After a bumper listing of Rites Limited – a state-owned railway consultancy firm – that has seen the stock rise 26 per cent since its debut on July 2, 2018, the government seems to have changed its mind in favour of buying back shares of public sector enterprises (PSEs) given the volatile markets.

Though a timeline is yet to be finalised, Coal India, NTPC, NALCO, NMDC, BHEL, NHPC, NBCC and Hindustan Aeronautics are among the 13 companies, according to reports, that have been shortlisted for the buyback.

While a share buyback is a positive development from a near-term perspective, analysts say the move is also a structural positive.

“The in-principle nod of a share buyback by these companies is a broader positive for the entire PSU space. For years, PSUs have suffered from poor capital allocation practices in India, with accumulated cash which is used either for unproductive or poorly planned capex. As such, cash distribution through any form is a welcome change, in our view, and boosts return on equity (ROE) near-term and makes a case for a structural re-rating,” write Amar Kedia and Priyankar Biswas of Nomura in a recent report.

The buyback route, experts say, is a better way to reward shareholders rather than paying a hefty dividend, as the latter is subject to tax. As per law, income by way of dividend above Rs 10 lakh is chargeable at the rate of 10 per cent for individuals, Hindu Undivided Family (HUF) or partnership firms and private trusts.

So, should you tender shares in case the buyback offer for these companies does come about? Analysts do think so given the recent underperformance of PSU stocks.
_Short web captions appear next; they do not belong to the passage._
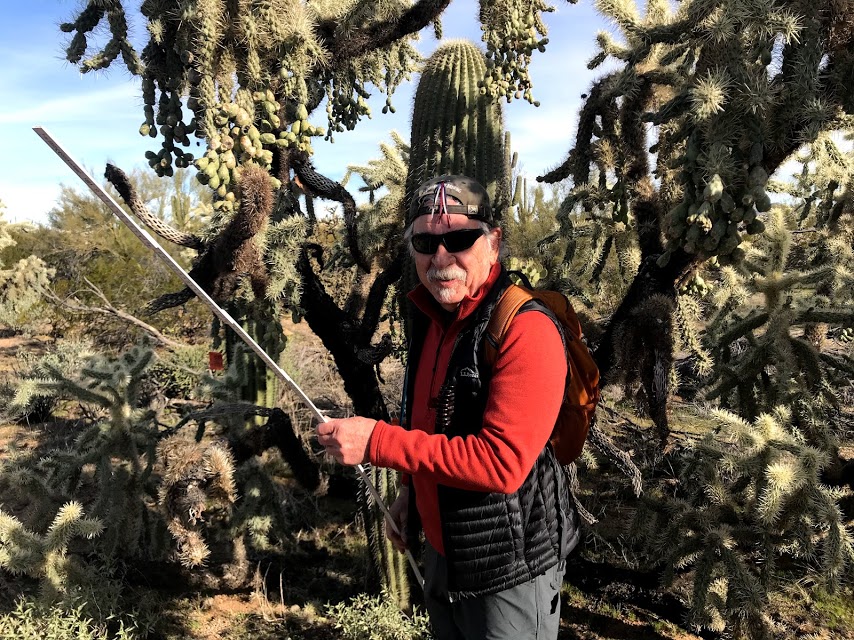 A man smiling. Behind him are a lot of chollas.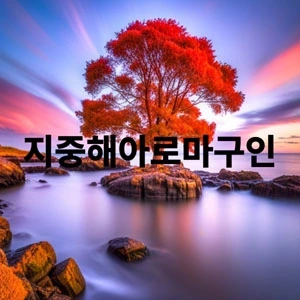 지중해아로마구인.webp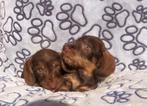 Teckel canine des garçons en chocolat aux cheveux grossiers, Animaux & Accessoires, Un chien, Caniches, Belgique, 8 à 15 semaines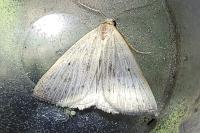 Macrochilo cribrumalis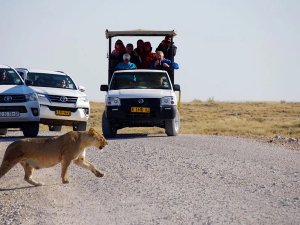 Safari leeuw Namibie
Thus far in the calendar year 2018 (CY18), stocks of most of the shortlisted companies have underperformed the market. KIOCL, for instance, has slipped 52 per cent in CY18 as compared to 12 per cent rise in the S&P BSE Sensex in CY18.

NBCC, NLC India, Nalco, Bhel and NTPC, on the other hand, have slipped 4 per cent - 42 per cent. Coal India, however, is an exception that has moved up nearly 9 per cent during this period. That apart, shares of all the three PSUs – MOIL, Bharat Electronics and SJVN – that have bought back shares in the current year are trading below the buyback price, data show. The S&P BSE PSU index has slipped around 16 per cent thus far in CY18, as compared to 12 per cent rise in the S&P BSE Sensex.

“The buyback provides a good exit opportunity to those investors should be bought these stocks at a higher level and have been stuck with them since then. However, one must evaluate the buyback on a case-to-case basis and look at the future growth potential of the PSU along with the balance-sheet strength,” advises A K Prabhakar, head of research at IDBI Capital.

Going ahead, Nomura estimates that if the buyback happens at a premium of 15 per cent to the current market price, the FY19F ROEs for BHEL and NBCC would rise by around 200 basis points (bps) and around 500bps, respectively.